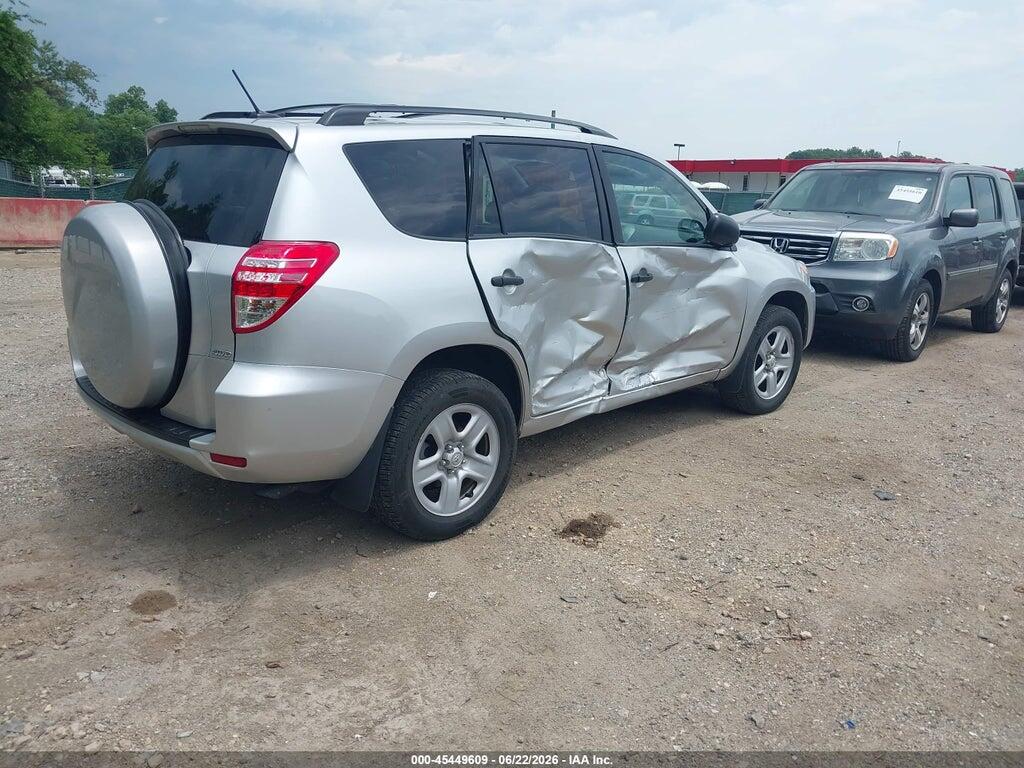 2T3BF4DV8AW064952 2010 TOYOTA RAV4 photo no. 4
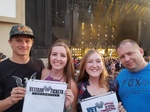 Brantley Gilbert: Take It Outside Tour With Special Guest Justin Moorecolt Ford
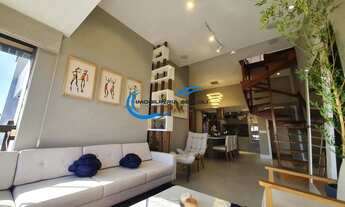 Imagem 4: Cobertura, JARDIM EUROPA, com 3 quartos, 209.00m²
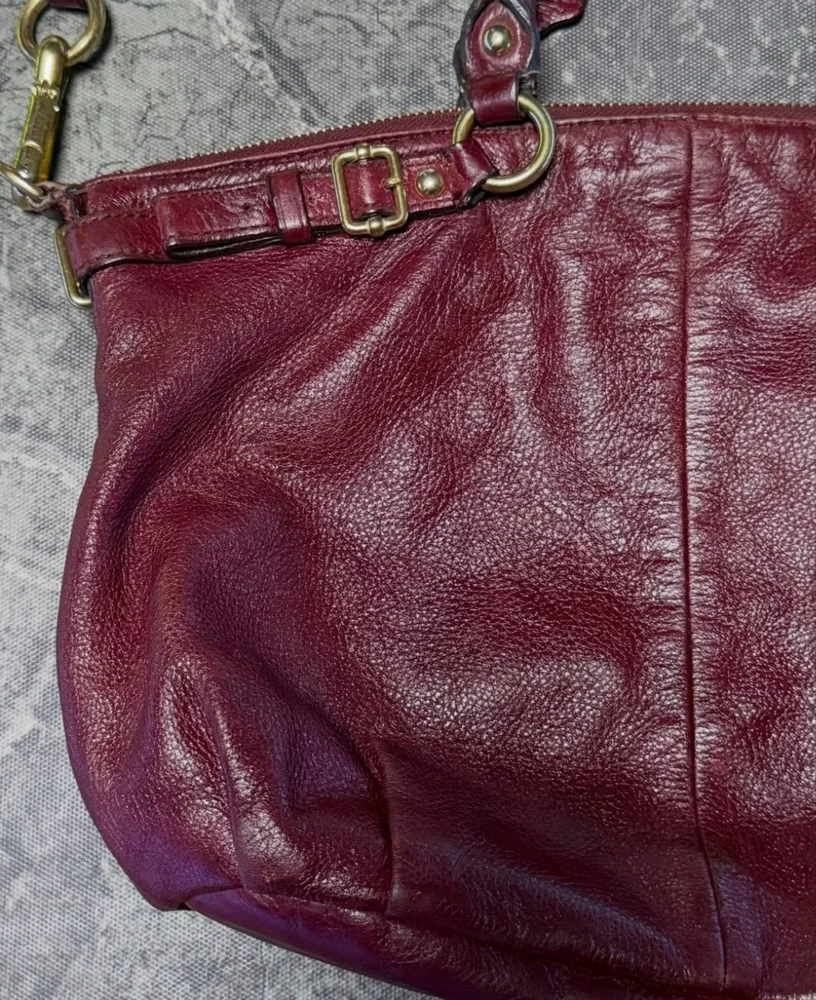 Coach Shoulder Bag, size Other, photo 5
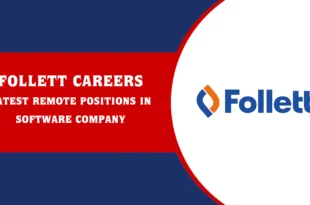Follett Careers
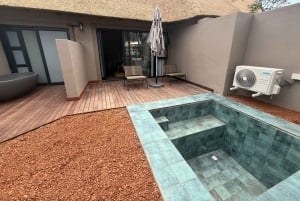 3-Day Luxury Ivory Moon Lodge Safari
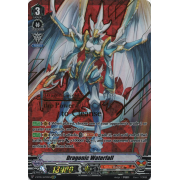 V-BT01/SV03EN Dragonic Waterfall Special Vanguard Rare (SVR)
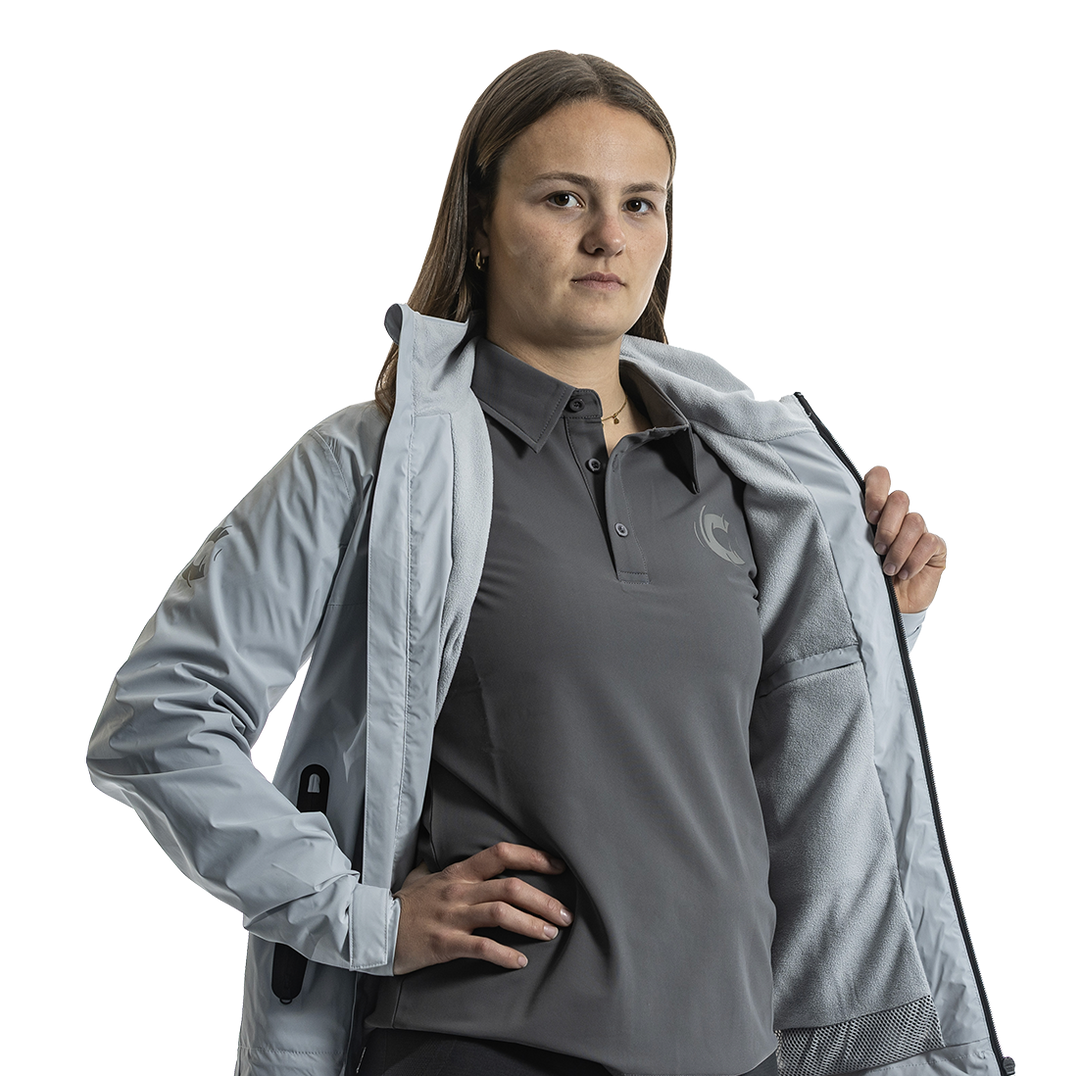 Sailing Jacket Womens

• **Task statement**: Your copy should repeat each entry above exactly but contain no pictures.

• **Result of the exercise**:
 2T3BF4DV8AW064952 2010 TOYOTA RAV4 photo no. 4
 Brantley Gilbert: Take It Outside Tour With Special Guest Justin Moorecolt Ford
 Imagem 4: Cobertura, JARDIM EUROPA, com 3 quartos, 209.00m²
 Coach Shoulder Bag, size Other, photo 5
Follett Careers
 3-Day Luxury Ivory Moon Lodge Safari
 V-BT01/SV03EN Dragonic Waterfall Special Vanguard Rare (SVR)
 Sailing Jacket Womens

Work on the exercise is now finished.